The site, initially set up to educate theater employees in North America on how to deal with illegal camcording, now has a Spanish-language version targeted to Mexico.
Motion Picture Assn. of America president Bob Pisano said 90 per cent of pirated films worldwide are the result of camcording. They contributed to an US$18.2 billion ($27.4bn) loss for the worldwide motion picture industry last year.
"As we've shut off other sources of bootleg films, including postproduction and marketing houses, the quality of camcorders has become better in resolution and sensitivity to motion," he said during the event at the Orlando World Center Marriott. "It's not great, but it's pretty damn good."
Although legislation has been introduced to criminalize camcording in Mexico, it is still legal there.
"We can't do anything about it - just kick (camcorders) out of the theater," said Miguel Angel Davila, president of both Canacine - Mexico's national film industry organization - and the Cinemex theater chain.
He added that the biggest piracy threat in Mexico came from the sale of Region 1 DVDs, which are encoded for use in North America. (Mexico and South America, along with Australia and New Zealand, use Region 4 DVDs.)
Davila explained that the Region 1 DVDs can be used to create perfect masters of films that are in current theatrical release in Mexico, where 65 per cent of households have DVD players, half of which are multiregional. In Mexico, the total consumer spending loss from piracy was estimated at US$1.1 billion last year.
"We need studios to stop selling (Region) 1 DVDs to distributors who sell them to Mexico," said Davila, whose country recently passed a law penalizing retailers who sell or rent them.

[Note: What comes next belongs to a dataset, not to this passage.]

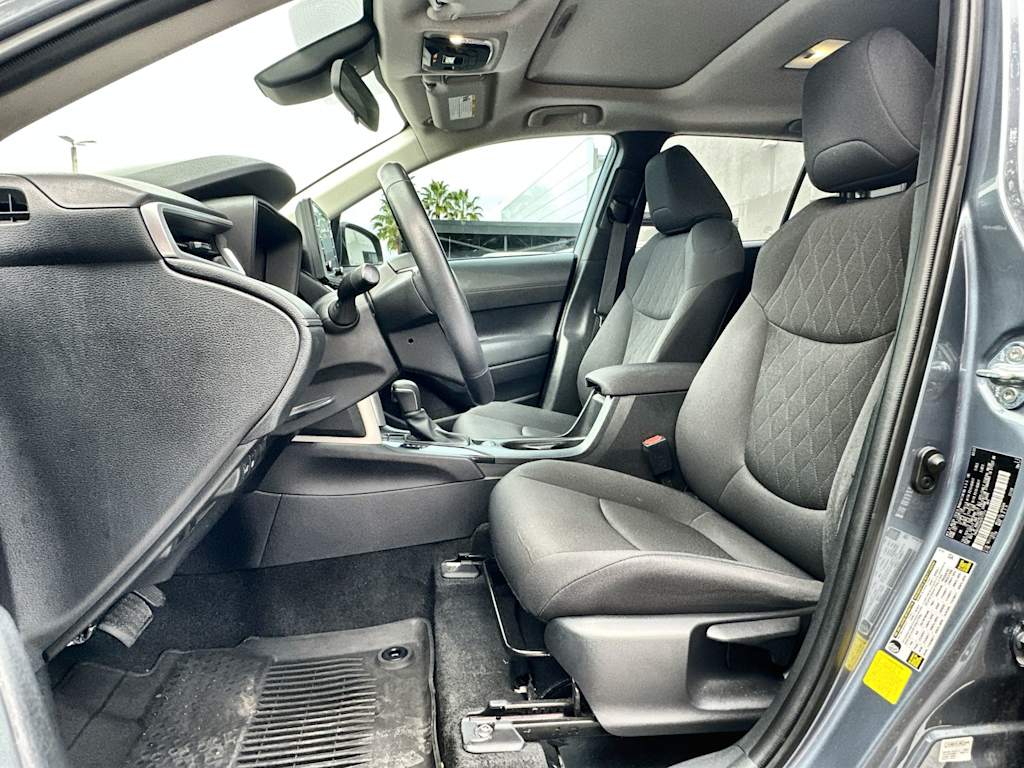 Thumbnail: 2022 Toyota Corolla Cross - 19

Several industry experts discussed offering incentives to theater owners and employees who catch camcorders in the act - a tactic that has been used in the United States. Sony Pictures executive Vicki Solmon said she gave a personalized jacket on top of a cash reward to one projectionist who bought his own goggles and caught a "Spider-Man 2" pirate.

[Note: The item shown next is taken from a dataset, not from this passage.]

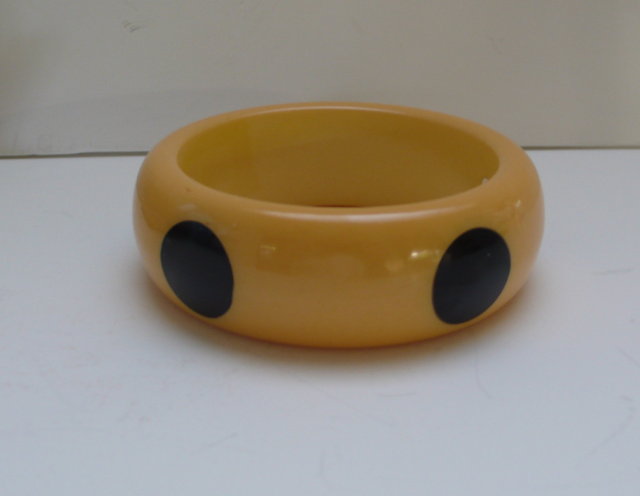 Bakelite Vintage 6 Dot Black/Banana Bangle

Department of Homeland Security section chief David Faulconer said he would like to extend the incentives to audience members, turning them into informants. He said he had talked with one major exhibitor about incentives like family movie passes to get moviegoers to turn in bootleggers.
Faulconer said the industry had scored a major victory this year in El Salvador, which is the central point of distribution for all central American DVD bootlegs, by criminalizing its counterfeiting and tying it into a money-laundering statute. He said the US Chamber of Commerce is set to work on an anti-counterfeit initiative in Russia, where one studio estimates 85 per cent of its films' DVDs are pirated.